E il matrimonio. Sì, il matrimonio! Lo avrebbe sposato di lì a poco, era quasi tutto pronto, non poteva essere tutto rovinato.
Nemmeno Aziraphale era tranquillo, no: il suo cuore era inquieto come non mai, ma cercò comunque di mettere insieme delle parole di senso compiuto.
«Che cosa ti hanno detto Laggiù?» domandò l’angelo mentre gli metteva davanti una tazzina di caffè forte che Crowley però non toccò.
«Esattamente ciò che pensavamo. È colpa loro. Questa è la mia punizione per essere un traditore. I miei ricordi se ne andranno. Tutto ciò che è legato a te scomparirà. No, cazzo. No!» si portò una mano sulla testa, premendola. «Questo non può succedere!»
«Lo so, Crowley. Lo so», Aziraphale gli si sedette accanto con un sospiro. «Ho parlato con i miei, con Gabriel a dire il vero. Mi ha dato l’impressione di sapere più di quanto non dica. E ovviamente non mi ha dato molte informazioni. Chissà, magari loro e i demoni sono d’accordo.»
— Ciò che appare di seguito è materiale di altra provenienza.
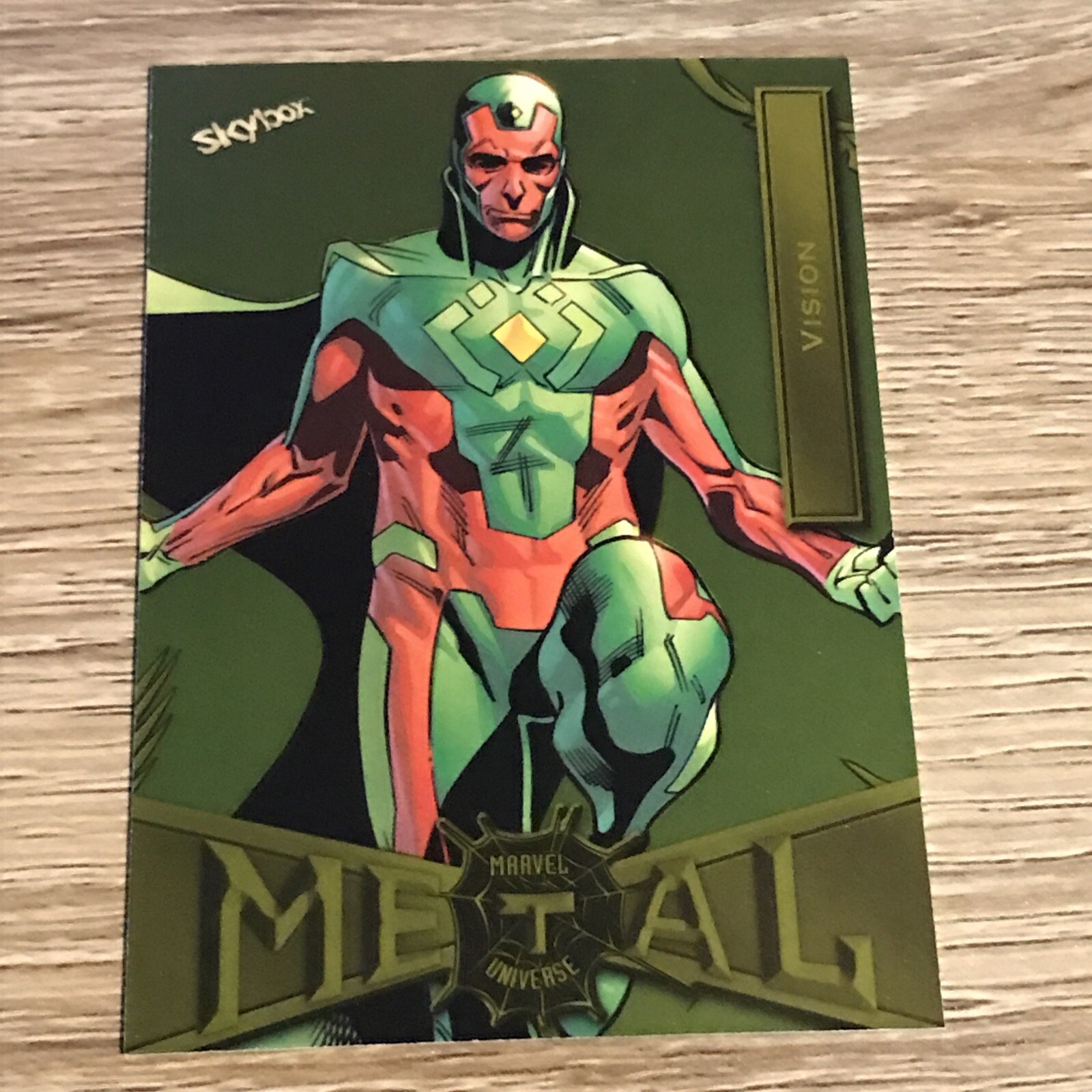 2022 Upper Deck Marvel Metal Universe Spider-Man Yellow Light FX Vision #94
Crowey scosse il capo, afferrandogli le mani e guardandolo negli occhi. Adesso aveva una  paura dannata di dimenticare. Non aveva alcun controllo su quella situazione, non era abbastanza potente per impedirlo, forse non lo era nessuno. Sentì Aziraphale ricambiare la stretta e a stento trattenne le lacrime. Crowley era sempre stato forte. Impavido e strafottente, di rado mostrava quel suo lato così emotivo e sensibile, il suo angelo era l’unico a cui era in grado di lasciarsi andare del tutto, alle lacrime, alla disperazione, tutto.
«Aziraphale, io non ti dimenticherò! Non potrà mai accadere! Te lo prometto. Lo giuro su Dio, su tutto!» disse determinato, arrabbiato e impaurito. Poi scoppiò a piangere in un pianto sommesso, un po’ come se si vergognasse. E allora l’angelo lo abbracciò, gli fece poggiare il viso sul suo petto e gli baciò i capelli.
Nessuno avrebbe  potuto curare il male e il senso di impotenza che avvertiva in quel momento. Erano loro due soli, contro tutto e tutti.
Ma anche lui si sentì in dovere di fare una promessa.
«E io giuro che se dovessi dimenticarmi, ti farò innamorare di nuovo di me.»